Everyone laughed. He came from a different village and the locals treated him with a mixture of affectionate teasing and respect. Laying his thick stick across the lamplit table he slowly crushed tobacco leaves in the palm of his hand and stuffed them into a home-made pipe. “Contraband from Agrinion,” someone murmured. “Don't tell the
patellos
....”

As we talked, he fished a little bar of steel out of his pocket and then, holding it between finger and thumb with a disc of dried fungus held tight against it, he struck it repeatedly with a chip of flint. A faint whiff as of singeing cloth told us that the sparks had ignited it. Blowing until the glow had spread, he laid the smouldering fungus on his pipe-bowl and puffed until a cloud of illegal and aromatic smoke embowered him.


Barba Elia
,” someone said, pointing to his disintegrating footgear, “you ought to get a new pair of boots. Those have seen their day.” “Don't you worry about them,” Uncle Elias answered from his cloud. “They are laughing.” It is true that the gaps between the uppers and the soles curled in the semblance of dark smiles.

The old days in the Kravara....The utterances of this fluent
old man revived them with great vividness. A mass of circumstantial detail suggested that he had played a considerable part in those ancient doings; but it was never explicit. I expected in vain that his narrative would slip at some point from
oratio obliqua
to
oratio recta
; the collusion of his glance, however, was something more than a hint.

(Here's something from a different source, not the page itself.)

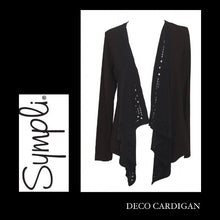 Load image into Gallery viewer, SYMPLI  DECO Cardigan / Jacket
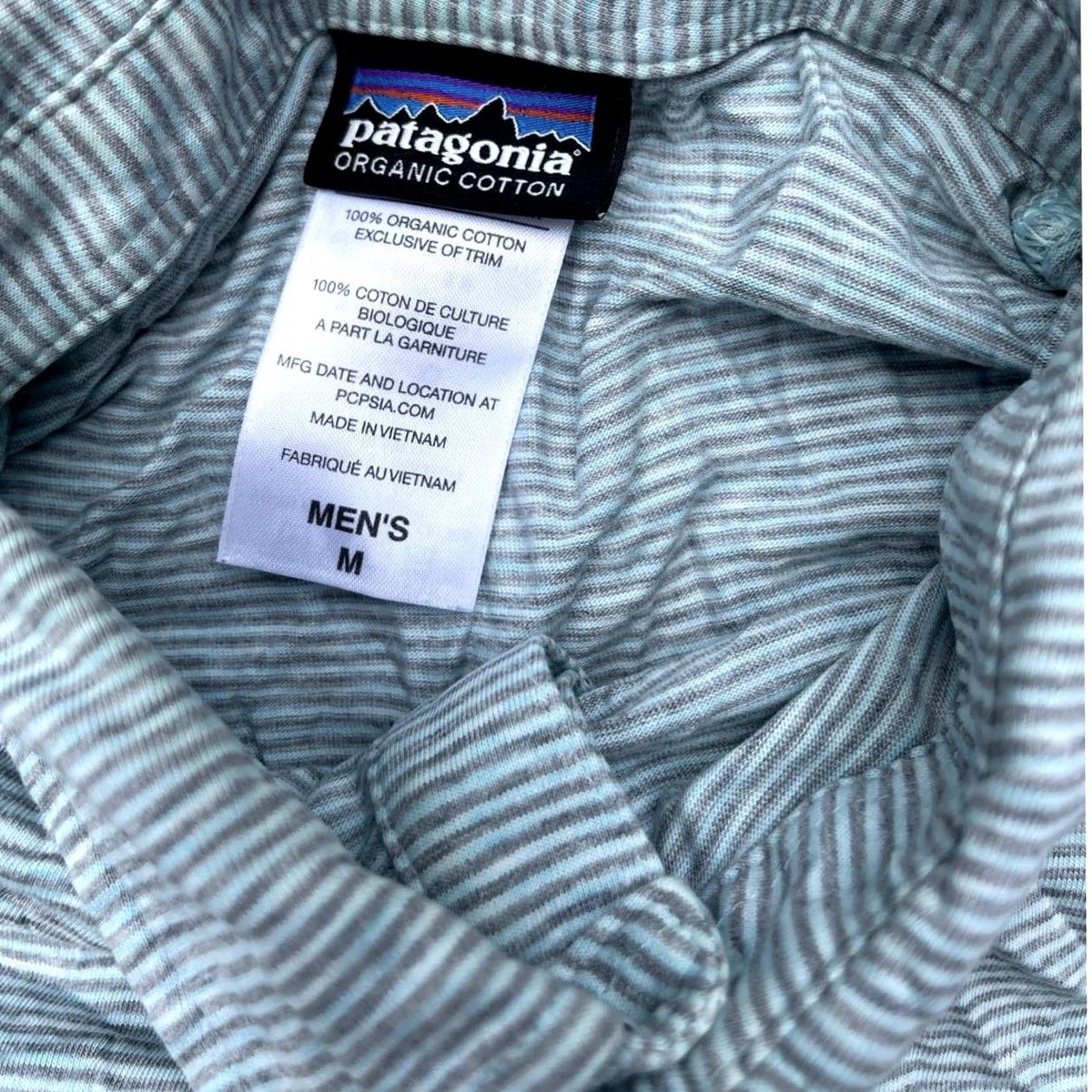 Patagonia Patagonia Polo Shirt Mens M Green Distressed Cotton Short Sleeve Size US M / EU 48-50 / 2 - 5 Thumbnail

The first impediment a young beggar had to discard, Uncle Elias instructed us, was an attribute called the
tseberi
, or the
tsipa
, of shame. The
tseberi
is the head-kerchief that village women wear and the symbol of their modesty; the
tsipa
is a thin layer or membrane, and in some regions a foreskin; its loss was a kind of psychological circumcision. Those handicapped by the stigma of its presence, which was detectable to initiates at once by the expression on their foreheads, could never come to much; they must be armed by a brazen front that no insult could shake. Old Kravarites dismissed their daughters' suitors with the words: “Go away, boy! You've still got your
tsipa tis dropis
. Get rid of that shame-brow and then we'll see.” The emblem of success was the heavy staff, or
matsoúka
, which accompanied each new journey. An array of these, hanging on the wall, proved the owner a man of substance. They were polished with handling and scarred by the fangs of a hundred dogs; these gnashing and hysterical foes invested the approach to a village with the hazards of an invasion. The trophies accumulated like quarterings of nobility and dynastic alliances were contracted between the children of households boasting an equal display. These sticks, it was said, were sometimes hollowed for the concealment of the gold coins: the weight of small change was intolerable until it was converted. British sovereigns were highly treasured.
[15]
Normally the gold coins were
dispersed and sewn about the owner's rags. The
tagari
, a roomy woven bag, slung on a cord, was essential. This they filled with
paximadia
, bread twice-baked and hard as a stone, once the diet of the hermits of the Thebaid and now the sustenance of shepherds. Accoutred with staves and sacks and this almost unfissile food, they set out; usually alone, occasionally in couples. Sometimes their professional devices were a handicap. Uncle Elias cited a duumvirate in which one member pretended to be one-legged and the other one-armed: but the one-legged partner could eat at twice the speed of his mate, so they split up. “Dumbness,” too, had drawbacks: “mute” beggars had been bitten to the bone by dogs rather than give themselves away....Did they always manage to keep up their disguises? Not always. Uncle Elias told us of a champion beggar, a tall and burly man, who had perfected the knack of extreme malformation: his legs and arms became a tangle, his head lolled, his eyes rolled and his tongue hung out: “like this!” With these words, Uncle Elias shifted on his chair, and with a click, as it were, became a scarecrow. His face switched to a burlesque mask of tragedy; a maimed arm shot out, a suppliant litany streamed from his lips: “Kind people, spare a mouthful of bread or a copper for a fellow-Christian who has lost the use of his limbs from birth and has eaten neither crust nor crumb for a week. God and Christ and the All-Holy-One and all the Saints and prophets and martyrs shower their blessings on you!” The metamorphosis, total and astonishing, had taken place in a flash. Just as suddenly, he relaxed into his normal self. “He used to almost overdo it,” he said with an engaging laugh. “But he made plenty of money. A very bright fellow.”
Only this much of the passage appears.